Harry grabbed his suitcase a little tighter, when it looked like nothing else had escaped. Passengers, cargo. He was all alone. It all came back as a cosmic blend of irony, when he earlier had wished for something like this to happen, just so he wouldn't have to attend the conference in San Francisco.
Life was Brutal. He knew that, though not through experience. His life had just been kind of dull. Even now having lived through the catastrophe, he had mainly just experienced a harrowing sense of unfamiliarity. All before was no longer a part of this world, and he remained lost in one of the world's most obscure locations. Distant from all his previously convinced realities.
Tearing himself back into the present, was difficult for a man who before this trip had only been accustomed to little more than filling spreadsheets in excel. However, at some point, he realized he had been standing for too long doing nothing.
He turned around, and fixed his eyes at the line of the shore. He slowly followed the curve with his gaze, until he realized he had turned around. Then he followed the line back around until he came to where he started.
It was indeed a small lonely island, and it was very, very round.
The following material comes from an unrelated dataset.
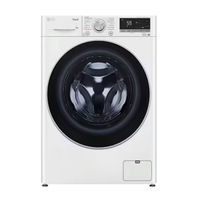 Lg F16F9BDH0NH Bedienungsanleitung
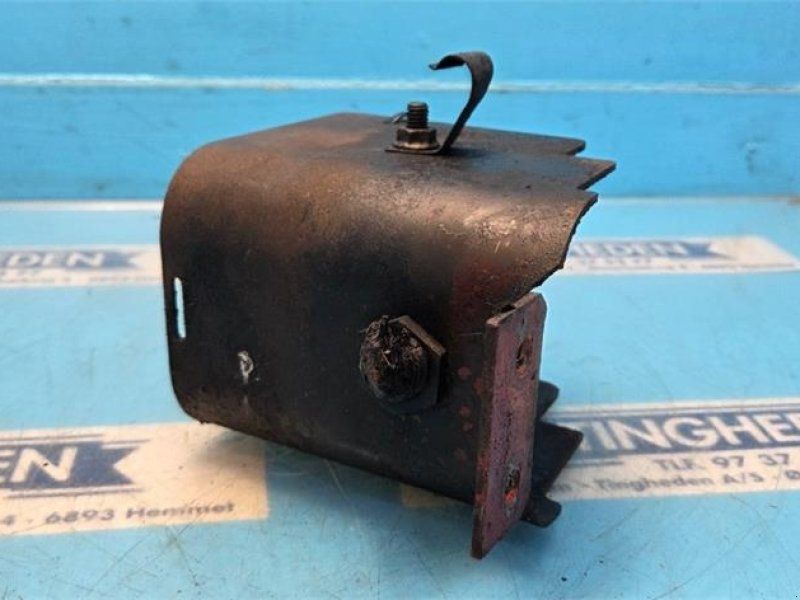 Case 2388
Luckily his reasoning was not completely wasted on his dumbfound moment. He had immediately recognized his own fortuitousness when he managed to save his luggage- and because he actually remembered to turn off his mobile phone before the flight, it still had full battery.
Harry loosened his tie and began walking up the beach. When he reached the top of the island, he took out his cellphone and phoned the emergency services.
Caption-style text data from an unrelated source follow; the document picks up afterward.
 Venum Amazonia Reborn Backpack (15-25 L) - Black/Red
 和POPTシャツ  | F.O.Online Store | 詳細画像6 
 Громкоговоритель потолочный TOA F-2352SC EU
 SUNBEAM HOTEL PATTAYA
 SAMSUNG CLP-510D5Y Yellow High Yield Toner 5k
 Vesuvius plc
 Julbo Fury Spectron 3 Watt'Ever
He was immediately put through to a woman located somewhere else in the word.
"Hello, this is 911."
"Hello… uh, you're speaking with Harry Pomket. I think I'm stranded on some kind of island."
"Some kind of island… Can you be any more specific?"
Harry looked around again. The sun had passed for the evening, leaving the sky vacant except for vague bends of light, emanated from distant geographical navels. The solemn background empty from all distinct sign of familiarity as far as he could see, with the boundaries of the horizon existing in its own eternal void.
"It's just an island. A pretty small island. There's nothing to see except for the sea."
"There's nothing to see except for the C?"
"No. I'm stranded in the middle of it. No ships, no airplanes, no nothing-"
"Did you mean sea, like the water, Or is it a C like the letter?"
"What are you talking about?"
"You said; the only thing you could see, did you mean a C or the actual sea?"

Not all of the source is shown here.